There are people in my life that are very toxic, but I can't let them go. I hate when people try to take advantage of others, but especially when it's me. I may not say anything the first few times, but after a while, I get fed up and speak my mind. I think they continue to do it partly because of me. I'm a very forgiving person and can't hold a grudge for anything longer than a few hours. I guess I'm an enabler, kind of. I don't know, it gets hella tiring trying to people and their bullshit that's trying to bring my spirit down. Either it's by calling me out of name just because you want to or saying little slick ass comments that you think I can't hear or don't catch. Well, for one, I'm not dumb and two, I'm not deaf. I pray that the Lord helps me get these people out of my life, but for some reason the devil keeps pushing and pushing. Maybe it's things about me that I have to change, maybe I gotta just cuss those people out one good time in order for them to get the hint. I have no clue. I will admit, there have been days where I have thought about just giving up, but that would just give them power. That's what they want, to see me falter. I'm rambling, but I know there's a grip of people that's supposed to be in my "inner circle" that are doing more harm than good.

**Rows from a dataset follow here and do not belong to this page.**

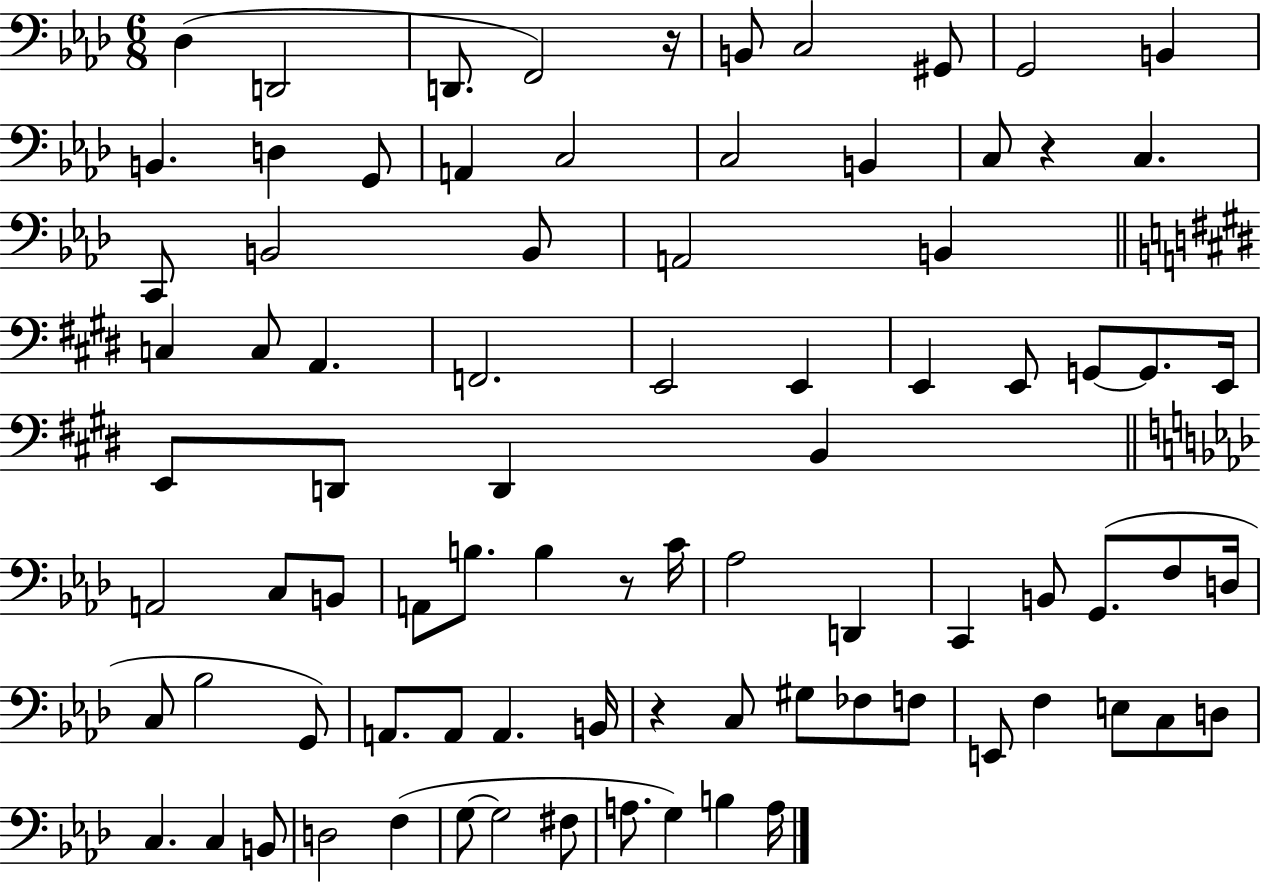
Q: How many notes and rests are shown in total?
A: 84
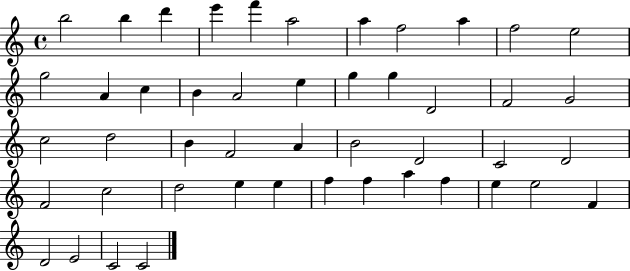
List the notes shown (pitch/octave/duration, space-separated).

B5/h B5/q D6/q E6/q F6/q A5/h A5/q F5/h A5/q F5/h E5/h G5/h A4/q C5/q B4/q A4/h E5/q G5/q G5/q D4/h F4/h G4/h C5/h D5/h B4/q F4/h A4/q B4/h D4/h C4/h D4/h F4/h C5/h D5/h E5/q E5/q F5/q F5/q A5/q F5/q E5/q E5/h F4/q D4/h E4/h C4/h C4/h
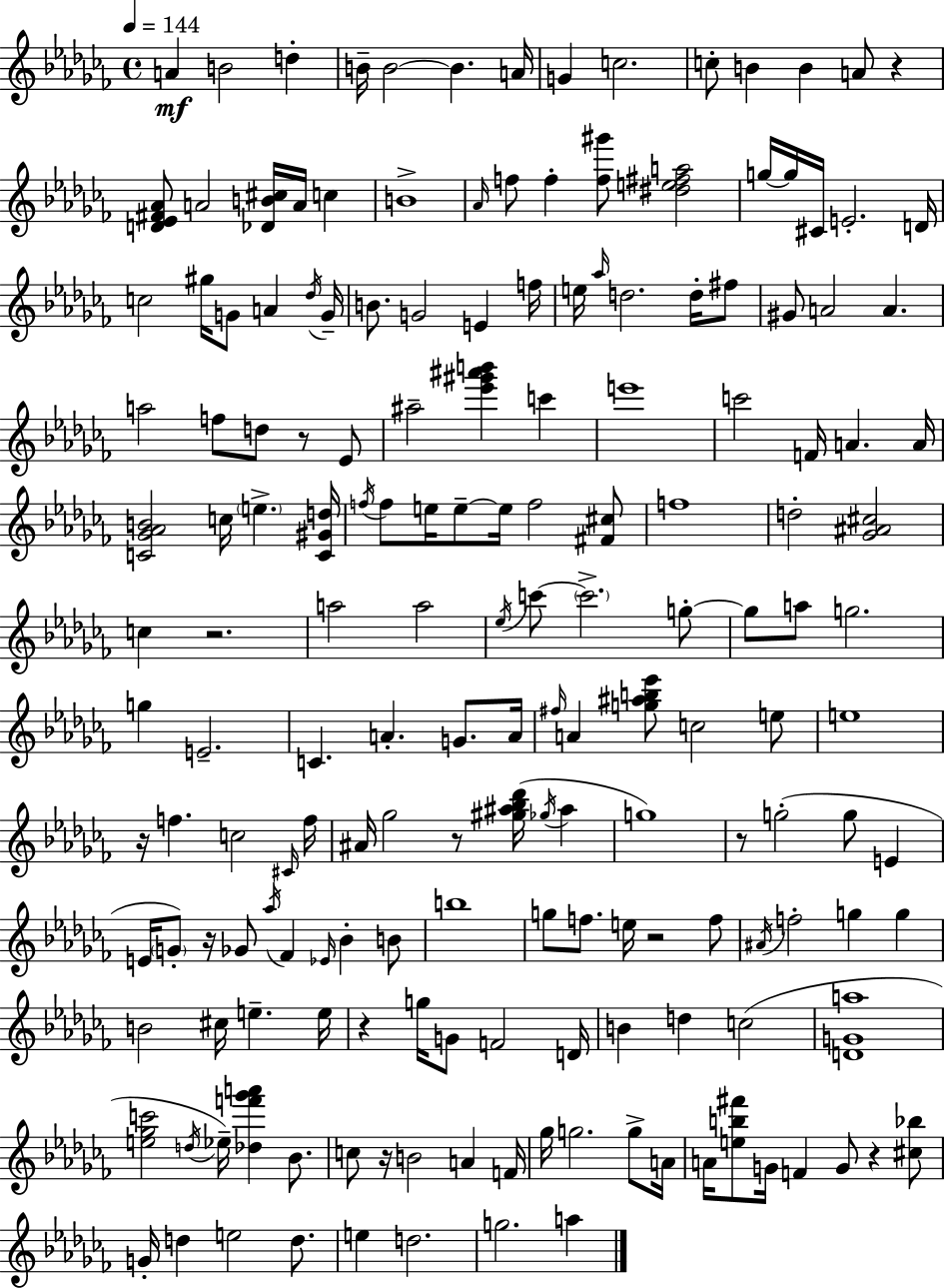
{
  \clef treble
  \time 4/4
  \defaultTimeSignature
  \key aes \minor
  \tempo 4 = 144
  a'4\mf b'2 d''4-. | b'16-- b'2~~ b'4. a'16 | g'4 c''2. | c''8-. b'4 b'4 a'8 r4 | \break <d' ees' fis' aes'>8 a'2 <des' b' cis''>16 a'16 c''4 | b'1-> | \grace { aes'16 } f''8 f''4-. <f'' gis'''>8 <dis'' e'' fis'' a''>2 | g''16~~ g''16 cis'16 e'2.-. | \break d'16 c''2 gis''16 g'8 a'4 | \acciaccatura { des''16 } g'16-- b'8. g'2 e'4 | f''16 e''16 \grace { aes''16 } d''2. | d''16-. fis''8 gis'8 a'2 a'4. | \break a''2 f''8 d''8 r8 | ees'8 ais''2-- <ees''' gis''' ais''' b'''>4 c'''4 | e'''1 | c'''2 f'16 a'4. | \break a'16 <c' ges' aes' b'>2 c''16 \parenthesize e''4.-> | <c' gis' d''>16 \acciaccatura { f''16 } f''8 e''16 e''8--~~ e''16 f''2 | <fis' cis''>8 f''1 | d''2-. <ges' ais' cis''>2 | \break c''4 r2. | a''2 a''2 | \acciaccatura { ees''16 } c'''8~~ \parenthesize c'''2.-> | g''8-.~~ g''8 a''8 g''2. | \break g''4 e'2.-- | c'4. a'4.-. | g'8. a'16 \grace { fis''16 } a'4 <g'' ais'' b'' ees'''>8 c''2 | e''8 e''1 | \break r16 f''4. c''2 | \grace { cis'16 } f''16 ais'16 ges''2 | r8 <gis'' ais'' bes'' des'''>16( \acciaccatura { ges''16 } ais''4 g''1) | r8 g''2-.( | \break g''8 e'4 e'16 \parenthesize g'8-.) r16 ges'8 \acciaccatura { aes''16 } fes'4 | \grace { ees'16 } bes'4-. b'8 b''1 | g''8 f''8. e''16 | r2 f''8 \acciaccatura { ais'16 } f''2-. | \break g''4 g''4 b'2 | cis''16 e''4.-- e''16 r4 g''16 | g'8 f'2 d'16 b'4 d''4 | c''2( <d' g' a''>1 | \break <e'' ges'' c'''>2 | \acciaccatura { d''16 }) ees''16-- <des'' f''' ges''' a'''>4 bes'8. c''8 r16 b'2 | a'4 f'16 ges''16 g''2. | g''8-> a'16 a'16 <e'' b'' fis'''>8 g'16 | \break f'4 g'8 r4 <cis'' bes''>8 g'16-. d''4 | e''2 d''8. e''4 | d''2. g''2. | a''4 \bar "|."
}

Maya Angelou said it best though. "Still I rise"



STILL I RISE:
You may write me down in history
With your bitter, twisted lies,
You may trod me in the very dirt
But still, like dust, I'll rise.

Does my sassiness upset you?
Why are you beset with gloom?
'Cause I walk like I've got oil wells
Pumping in my living room.

Just like moons and like suns,
With the certainty of tides,
Just like hopes springing high,
Still I'll rise.

Did you want to see me broken?
Bowed head and lowered eyes?
Shoulders falling down like teardrops,
Weakened by my soulful cries?

Does my haughtiness offend you?
Don't you take it awful hard
'Cause I laugh like I've got gold mines
Diggin' in my own backyard.

You may shoot me with your words,
You may cut me with your eyes,
You may kill me with your hatefulness,
But still, like air, I'll rise.

Does my sexiness upset you?
Does it come as a surprise
That I dance like I've got diamonds
At the meeting of my thighs?

Out of the huts of history's shame
I rise
Up from a past that's rooted in pain
I rise
I'm a black ocean, leaping and wide,
Welling and swelling I bear in the tide.

Leaving behind nights of terror and fear
I rise
Into a daybreak that's wondrously clear
I rise
Bringing the gifts that my ancestors gave,
I am the dream and the hope of the slave.
I rise
I rise
I rise.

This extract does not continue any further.